Ormai si sa, la redazione di Spinosa Magazine è appassionata di cinema indipendente e cerca di raccontare il più possibile tutto ciò che lo riguarda, dai film, agli autori, fino ai festival interamente ad esso dedicati. Ne sono un esempio le nostre segnalazioni di manifestazioni di questo genere, tra cui l’anno scorso il Lago Film Fest, che si svolge nel paesino lacustre di Revine Lago in provincia di Treviso ogni fine luglio ormai da 19 edizioni.
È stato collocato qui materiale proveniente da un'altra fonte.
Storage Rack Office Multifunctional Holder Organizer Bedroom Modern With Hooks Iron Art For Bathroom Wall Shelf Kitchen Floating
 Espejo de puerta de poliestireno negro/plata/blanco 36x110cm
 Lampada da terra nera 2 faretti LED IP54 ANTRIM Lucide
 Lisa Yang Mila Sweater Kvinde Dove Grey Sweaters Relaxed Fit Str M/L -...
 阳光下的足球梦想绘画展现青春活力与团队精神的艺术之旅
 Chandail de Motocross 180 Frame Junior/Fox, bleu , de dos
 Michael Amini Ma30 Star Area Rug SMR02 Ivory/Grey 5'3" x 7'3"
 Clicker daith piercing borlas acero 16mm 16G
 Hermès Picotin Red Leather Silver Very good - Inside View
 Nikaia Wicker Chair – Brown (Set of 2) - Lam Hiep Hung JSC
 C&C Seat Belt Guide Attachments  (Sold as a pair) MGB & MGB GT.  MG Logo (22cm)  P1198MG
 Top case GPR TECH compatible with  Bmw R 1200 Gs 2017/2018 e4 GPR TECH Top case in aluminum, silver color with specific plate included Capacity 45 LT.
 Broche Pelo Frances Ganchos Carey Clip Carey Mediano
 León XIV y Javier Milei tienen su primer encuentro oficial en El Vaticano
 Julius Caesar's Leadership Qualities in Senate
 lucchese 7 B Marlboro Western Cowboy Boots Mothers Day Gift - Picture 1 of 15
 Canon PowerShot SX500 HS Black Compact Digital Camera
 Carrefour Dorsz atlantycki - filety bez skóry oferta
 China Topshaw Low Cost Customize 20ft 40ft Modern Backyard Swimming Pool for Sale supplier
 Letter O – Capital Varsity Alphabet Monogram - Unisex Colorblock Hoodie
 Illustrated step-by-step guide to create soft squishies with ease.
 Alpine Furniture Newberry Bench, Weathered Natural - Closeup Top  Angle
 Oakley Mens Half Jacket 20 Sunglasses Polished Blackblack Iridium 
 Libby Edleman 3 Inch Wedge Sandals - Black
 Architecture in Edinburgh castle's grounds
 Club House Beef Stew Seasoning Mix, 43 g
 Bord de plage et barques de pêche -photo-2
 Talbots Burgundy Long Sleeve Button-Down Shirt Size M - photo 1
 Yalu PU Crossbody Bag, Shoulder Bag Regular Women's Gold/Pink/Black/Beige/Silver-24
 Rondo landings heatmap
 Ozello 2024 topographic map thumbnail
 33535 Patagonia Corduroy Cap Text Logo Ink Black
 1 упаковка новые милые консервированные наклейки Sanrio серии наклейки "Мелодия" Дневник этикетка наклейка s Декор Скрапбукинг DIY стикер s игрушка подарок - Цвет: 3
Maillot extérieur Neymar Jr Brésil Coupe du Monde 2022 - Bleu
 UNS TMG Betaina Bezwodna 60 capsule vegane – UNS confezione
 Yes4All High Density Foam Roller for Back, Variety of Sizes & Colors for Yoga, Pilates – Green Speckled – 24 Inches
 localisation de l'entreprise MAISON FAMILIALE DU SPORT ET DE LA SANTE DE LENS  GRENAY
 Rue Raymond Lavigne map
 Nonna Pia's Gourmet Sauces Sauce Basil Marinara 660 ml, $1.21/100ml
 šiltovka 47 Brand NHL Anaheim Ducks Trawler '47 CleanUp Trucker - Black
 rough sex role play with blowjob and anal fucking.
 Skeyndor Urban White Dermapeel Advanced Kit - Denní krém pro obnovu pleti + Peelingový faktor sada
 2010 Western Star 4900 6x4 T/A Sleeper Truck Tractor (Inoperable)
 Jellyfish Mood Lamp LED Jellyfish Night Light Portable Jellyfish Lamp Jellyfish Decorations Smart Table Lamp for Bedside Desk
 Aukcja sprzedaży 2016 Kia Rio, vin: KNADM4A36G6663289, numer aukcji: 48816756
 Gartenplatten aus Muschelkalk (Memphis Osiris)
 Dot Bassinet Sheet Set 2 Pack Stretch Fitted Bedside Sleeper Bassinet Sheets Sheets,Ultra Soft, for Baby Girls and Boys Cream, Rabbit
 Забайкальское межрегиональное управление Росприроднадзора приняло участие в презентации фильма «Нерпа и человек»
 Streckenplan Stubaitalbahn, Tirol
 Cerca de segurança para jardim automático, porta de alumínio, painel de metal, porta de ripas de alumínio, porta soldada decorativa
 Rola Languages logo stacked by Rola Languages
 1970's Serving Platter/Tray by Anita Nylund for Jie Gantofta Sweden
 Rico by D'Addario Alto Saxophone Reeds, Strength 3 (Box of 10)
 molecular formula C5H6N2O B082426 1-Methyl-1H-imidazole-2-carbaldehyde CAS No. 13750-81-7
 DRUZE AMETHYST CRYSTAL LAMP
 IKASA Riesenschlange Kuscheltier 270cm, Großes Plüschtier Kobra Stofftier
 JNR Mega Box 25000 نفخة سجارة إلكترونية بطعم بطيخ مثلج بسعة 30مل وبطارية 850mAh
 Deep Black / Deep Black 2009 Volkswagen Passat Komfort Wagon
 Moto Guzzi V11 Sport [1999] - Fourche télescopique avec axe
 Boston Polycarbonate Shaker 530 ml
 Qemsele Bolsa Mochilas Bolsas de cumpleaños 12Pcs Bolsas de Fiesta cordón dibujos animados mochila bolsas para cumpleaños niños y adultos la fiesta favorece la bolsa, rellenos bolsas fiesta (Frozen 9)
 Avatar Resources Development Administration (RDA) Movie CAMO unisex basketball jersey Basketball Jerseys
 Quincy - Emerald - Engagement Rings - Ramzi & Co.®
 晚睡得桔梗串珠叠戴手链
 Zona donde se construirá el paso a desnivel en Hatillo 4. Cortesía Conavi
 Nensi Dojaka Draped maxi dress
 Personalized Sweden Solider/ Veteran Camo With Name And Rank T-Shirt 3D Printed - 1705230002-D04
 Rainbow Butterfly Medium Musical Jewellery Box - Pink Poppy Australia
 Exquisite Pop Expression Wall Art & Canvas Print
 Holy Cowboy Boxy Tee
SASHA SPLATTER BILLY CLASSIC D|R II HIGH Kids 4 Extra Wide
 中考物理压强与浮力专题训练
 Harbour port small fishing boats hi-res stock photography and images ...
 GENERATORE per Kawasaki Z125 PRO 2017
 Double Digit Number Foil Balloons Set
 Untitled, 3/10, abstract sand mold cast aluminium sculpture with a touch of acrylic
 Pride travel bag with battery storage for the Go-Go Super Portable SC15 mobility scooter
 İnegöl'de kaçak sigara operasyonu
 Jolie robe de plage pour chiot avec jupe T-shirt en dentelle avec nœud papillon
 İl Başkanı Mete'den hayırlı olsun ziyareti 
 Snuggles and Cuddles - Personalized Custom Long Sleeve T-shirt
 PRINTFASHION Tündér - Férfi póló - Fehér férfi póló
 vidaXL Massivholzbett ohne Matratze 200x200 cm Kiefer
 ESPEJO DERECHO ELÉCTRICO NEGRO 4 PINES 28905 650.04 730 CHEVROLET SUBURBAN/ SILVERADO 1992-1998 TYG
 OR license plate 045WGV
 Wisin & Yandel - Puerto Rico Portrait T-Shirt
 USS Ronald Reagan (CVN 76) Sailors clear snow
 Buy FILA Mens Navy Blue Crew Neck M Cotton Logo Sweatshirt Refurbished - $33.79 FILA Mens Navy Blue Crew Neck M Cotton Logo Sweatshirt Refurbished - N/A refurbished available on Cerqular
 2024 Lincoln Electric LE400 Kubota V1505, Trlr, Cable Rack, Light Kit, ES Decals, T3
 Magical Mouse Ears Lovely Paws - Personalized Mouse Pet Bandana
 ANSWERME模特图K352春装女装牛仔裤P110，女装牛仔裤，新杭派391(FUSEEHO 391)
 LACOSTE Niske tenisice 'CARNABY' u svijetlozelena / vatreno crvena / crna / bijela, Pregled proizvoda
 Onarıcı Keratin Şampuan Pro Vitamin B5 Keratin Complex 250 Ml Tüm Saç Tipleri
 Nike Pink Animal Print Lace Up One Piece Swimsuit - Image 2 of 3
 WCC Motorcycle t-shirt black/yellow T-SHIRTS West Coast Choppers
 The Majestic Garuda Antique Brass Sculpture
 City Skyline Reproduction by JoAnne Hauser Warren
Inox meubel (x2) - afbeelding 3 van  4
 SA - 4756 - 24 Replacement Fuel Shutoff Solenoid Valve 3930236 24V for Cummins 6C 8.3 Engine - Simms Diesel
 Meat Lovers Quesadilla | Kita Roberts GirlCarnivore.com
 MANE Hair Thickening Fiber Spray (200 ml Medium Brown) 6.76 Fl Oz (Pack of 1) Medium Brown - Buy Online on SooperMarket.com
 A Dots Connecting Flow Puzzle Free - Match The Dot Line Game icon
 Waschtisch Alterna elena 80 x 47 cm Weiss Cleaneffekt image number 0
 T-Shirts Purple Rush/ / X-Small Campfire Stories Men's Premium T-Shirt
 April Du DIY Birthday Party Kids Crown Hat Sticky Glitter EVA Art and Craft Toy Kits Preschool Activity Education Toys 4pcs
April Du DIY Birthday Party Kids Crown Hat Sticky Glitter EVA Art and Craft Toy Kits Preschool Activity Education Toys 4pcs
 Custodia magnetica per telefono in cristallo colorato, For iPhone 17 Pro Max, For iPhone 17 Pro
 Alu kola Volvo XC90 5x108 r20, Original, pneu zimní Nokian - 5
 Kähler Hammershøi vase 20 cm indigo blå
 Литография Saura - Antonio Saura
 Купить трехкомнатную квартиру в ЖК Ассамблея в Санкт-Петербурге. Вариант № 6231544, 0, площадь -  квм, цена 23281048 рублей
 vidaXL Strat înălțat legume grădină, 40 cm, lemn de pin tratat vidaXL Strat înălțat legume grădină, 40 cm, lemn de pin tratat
All’ultimo Bellaria Film Festival abbiamo conosciuto uno dei direttori artistici di questo festival, Alessandro Del Re, e lo abbiamo intervistato in occasione della conferenza stampa di presentazione della nuova edizione di Lago (21 – 29 luglio 2023). Abbiamo parlato non solo del festival, ma anche di come eventi cinematografici di questo genere possano essere un’opportunità di promozione culturale e sociale.
Prima di parlare del festival, ci racconti brevemente qualcosa di te? Come sei diventato programmer e poi co-direttore di Lago?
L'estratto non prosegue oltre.